_REQUIRED ACTION_. Find the line with "Jackson Farmer(6) enjoyed" in the entries below. Repeat it, every following line, and the line with "Samsung S25 Plus - Heavy Duty Case - Zwart", exactly and with nothing added.

* * *

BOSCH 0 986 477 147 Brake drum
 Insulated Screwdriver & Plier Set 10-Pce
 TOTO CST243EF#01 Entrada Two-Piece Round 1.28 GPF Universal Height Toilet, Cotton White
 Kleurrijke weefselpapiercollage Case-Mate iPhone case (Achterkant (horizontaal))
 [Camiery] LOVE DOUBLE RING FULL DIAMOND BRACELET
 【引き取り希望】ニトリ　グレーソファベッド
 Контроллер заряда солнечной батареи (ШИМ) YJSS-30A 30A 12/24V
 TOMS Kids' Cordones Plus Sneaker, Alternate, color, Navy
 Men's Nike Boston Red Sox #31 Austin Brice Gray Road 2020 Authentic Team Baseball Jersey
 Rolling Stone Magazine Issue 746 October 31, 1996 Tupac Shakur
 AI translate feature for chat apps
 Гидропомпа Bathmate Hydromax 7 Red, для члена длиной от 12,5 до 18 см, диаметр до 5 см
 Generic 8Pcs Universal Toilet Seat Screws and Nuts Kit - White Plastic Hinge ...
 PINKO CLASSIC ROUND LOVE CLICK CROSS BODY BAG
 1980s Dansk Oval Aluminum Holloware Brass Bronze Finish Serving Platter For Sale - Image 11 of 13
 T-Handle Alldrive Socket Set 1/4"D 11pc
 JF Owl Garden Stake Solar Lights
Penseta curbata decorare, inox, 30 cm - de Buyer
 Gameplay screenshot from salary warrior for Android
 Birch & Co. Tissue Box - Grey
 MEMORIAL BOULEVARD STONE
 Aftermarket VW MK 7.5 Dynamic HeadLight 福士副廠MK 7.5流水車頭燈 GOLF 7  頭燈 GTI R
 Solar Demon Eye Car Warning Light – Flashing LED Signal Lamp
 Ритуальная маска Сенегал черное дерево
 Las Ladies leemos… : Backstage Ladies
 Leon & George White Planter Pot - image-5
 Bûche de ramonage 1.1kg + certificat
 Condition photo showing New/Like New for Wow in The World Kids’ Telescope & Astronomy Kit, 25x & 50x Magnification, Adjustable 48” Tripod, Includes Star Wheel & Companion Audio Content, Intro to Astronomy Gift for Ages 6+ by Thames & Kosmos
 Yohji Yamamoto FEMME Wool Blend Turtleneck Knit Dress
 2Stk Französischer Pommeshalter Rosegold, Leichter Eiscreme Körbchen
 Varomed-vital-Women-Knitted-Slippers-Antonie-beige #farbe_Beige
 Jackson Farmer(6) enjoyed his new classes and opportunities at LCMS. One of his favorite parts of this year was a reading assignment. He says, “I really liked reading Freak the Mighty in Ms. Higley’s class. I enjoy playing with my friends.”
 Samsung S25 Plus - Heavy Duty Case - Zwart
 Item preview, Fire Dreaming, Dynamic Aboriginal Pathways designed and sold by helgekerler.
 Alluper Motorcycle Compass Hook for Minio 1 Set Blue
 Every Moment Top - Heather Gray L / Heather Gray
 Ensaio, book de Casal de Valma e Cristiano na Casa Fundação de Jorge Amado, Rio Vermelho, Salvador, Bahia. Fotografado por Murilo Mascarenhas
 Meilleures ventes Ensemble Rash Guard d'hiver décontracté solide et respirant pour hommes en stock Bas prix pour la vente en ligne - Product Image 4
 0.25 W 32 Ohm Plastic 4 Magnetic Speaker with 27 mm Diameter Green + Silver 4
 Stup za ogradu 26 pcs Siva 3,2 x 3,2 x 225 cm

* * *

_RESPONSE_.
 Jackson Farmer(6) enjoyed his new classes and opportunities at LCMS. One of his favorite parts of this year was a reading assignment. He says, “I really liked reading Freak the Mighty in Ms. Higley’s class. I enjoy playing with my friends.”
 Samsung S25 Plus - Heavy Duty Case - Zwart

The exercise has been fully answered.